Adatto talks about life in the age of the photo op

We live in a world flooded with images. There has been an explosion of cell phone cameras, social networking sites, digital photography, blogs, and surveillance cameras, and we have a 24-hour news cycle that feeds on pictures.

In her new book, “Picture Perfect: Life in the Age of the Photo Op,” Kiku Adatto tries to make sense of this world. Adatto, who is a scholar in residence at the Humanities Center in the Faculty of Arts and Sciences and a lecturer on social studies, chronicles the rise of America’s photo-op culture, which has been expanding since World War II.

“When the photograph was invented, it was celebrated as a powerful form of documenting, witnessing, and truth-telling,” says Adatto. “Today our sensibility has changed. We pride ourselves on our knowledge that the camera can lie, that pictures can be fabricated, packaged, and manipulated.

Adatto argues that the “photo-op consciousness” is not always liberating. While “the documentary power of the camera has vastly increased today,” she notes, “so has the ability of the camera not only to falsify information but also to falsify ourselves. We have more opportunities to live at the surface, continually posing, to see and measure ourselves by the images we make and the images others make of us. When everyone with a cell phone is a potential member of the paparazzi, when any picture posted spontaneously among friends can become a part of the permanent record, the line between public and private lives begins to dissolve.”

Adatto’s book provides an interesting frame on the 2008 presidential campaign. She offers evidence that politicians from Ronald Reagan to George W. Bush to John McCain draw on the movies to cast themselves as mavericks, cowboys, citizen heroes, and war heroes. Referring to Osama bin Laden shortly after the 9/11 attacks, President George W. Bush declared, “I want justice … and there’s an old poster out West I recall that said, ‘Wanted: Dead or Alive.’” Similarly, Adatto says, John McCain has said that he will “follow Osama bin Laden to the gates of hell.”

Maverick heroes are appealing, Adatto writes, because they show the power of the individual in a world of economic and political forces often beyond individual control. They are also appealing, according to Adatto, because they are both insiders and outsiders — insiders in that they support the goals and ideals of American institutions, but outsiders in that they buck bureaucracy and are critics of the establishment. Reagan was a master at criticizing the Washington establishment as a sitting president, and, Adatto claims, “McCain is trying to do the same by portraying himself as an outsider even though he has been a senator for over two decades.”

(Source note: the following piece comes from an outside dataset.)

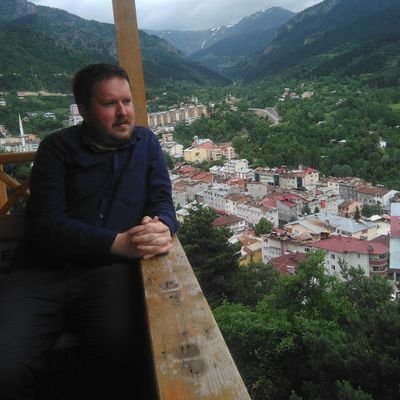 Çağrı Temiz's profile picture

Presidents using pictures for political purposes, observes Adatto, is not new. Abraham Lincoln wryly thanked his photographer Mathew Brady for helping him win the White House. Lincoln’s campaign was the first to distribute mass-produced pictures of the candidate. Their popular appeal led one of Lincoln’s advisers to conclude, “I am coming to believe that likenesses broad cast are excellent means of electioneering.”

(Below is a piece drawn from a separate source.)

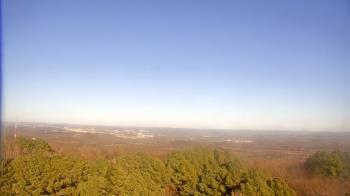 Weather camera view of Kessler Mountain.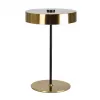 Декоративная настольная лампа Arte Lamp ELNATH A5038LT-3PB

Today we take televised photo ops for granted, but they are a fairly recent phenomenon. During the 1968 presidential campaign between Richard Nixon and Hubert Humphrey, the phrase “photo opportunity” was used only once on the network evening newscasts, when network correspondent John Hart referred to Nixon’s “deliberately casual moments, moments his programmers have labeled ‘photo opportunities.’”

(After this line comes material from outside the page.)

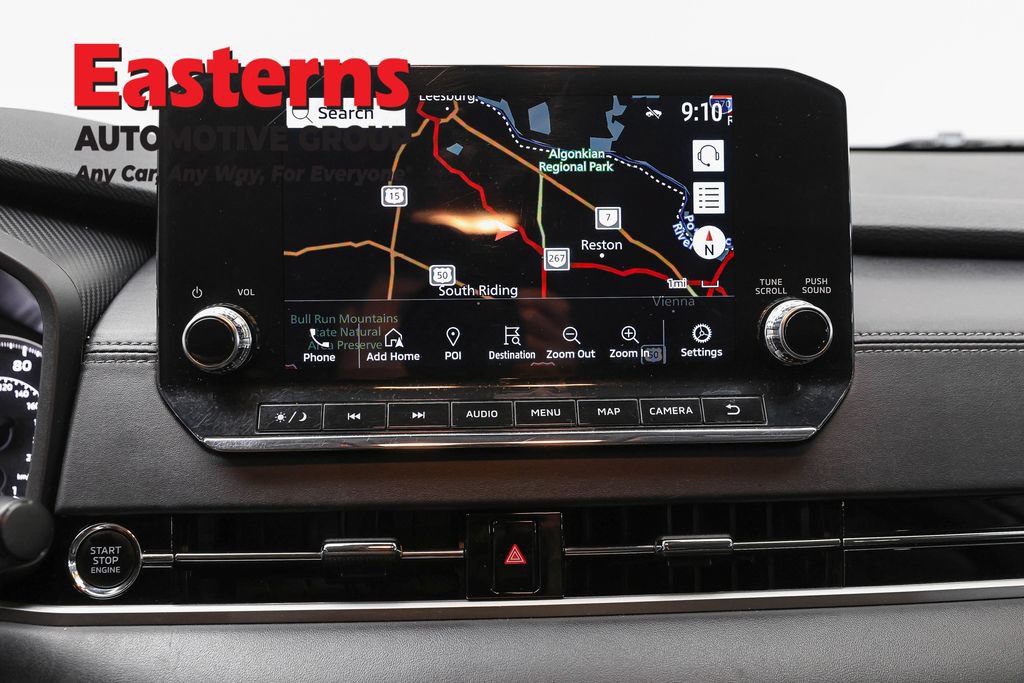 Used 2024 Mitsubishi Outlander SE AWD/4WD image 19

By the 1988 presidential race between George H.W. Bush and Michael Dukakis, more than half of the network evening news coverage focused on photo ops, ads, gaffes, and the machinations of media advisers.

“Today, with 24-hour cable news and the Internet,” Adatto observes, “what was set in motion in 1988 has become full-blown, with ordinary citizens entering the fray of ‘gotcha politics.’”

But, Adatto notes, words still count, as her take on a recent event illustrates: “George W. Bush’s top-gun landing on the aircraft carrier the USS Abraham Lincoln in May 2003 was celebrated as the greatest photo op of all time. But two words on the banner, ‘Mission Accomplished,’ came to haunt his presidency.” Adatto’s point is that even in a world flooded with images, words matter.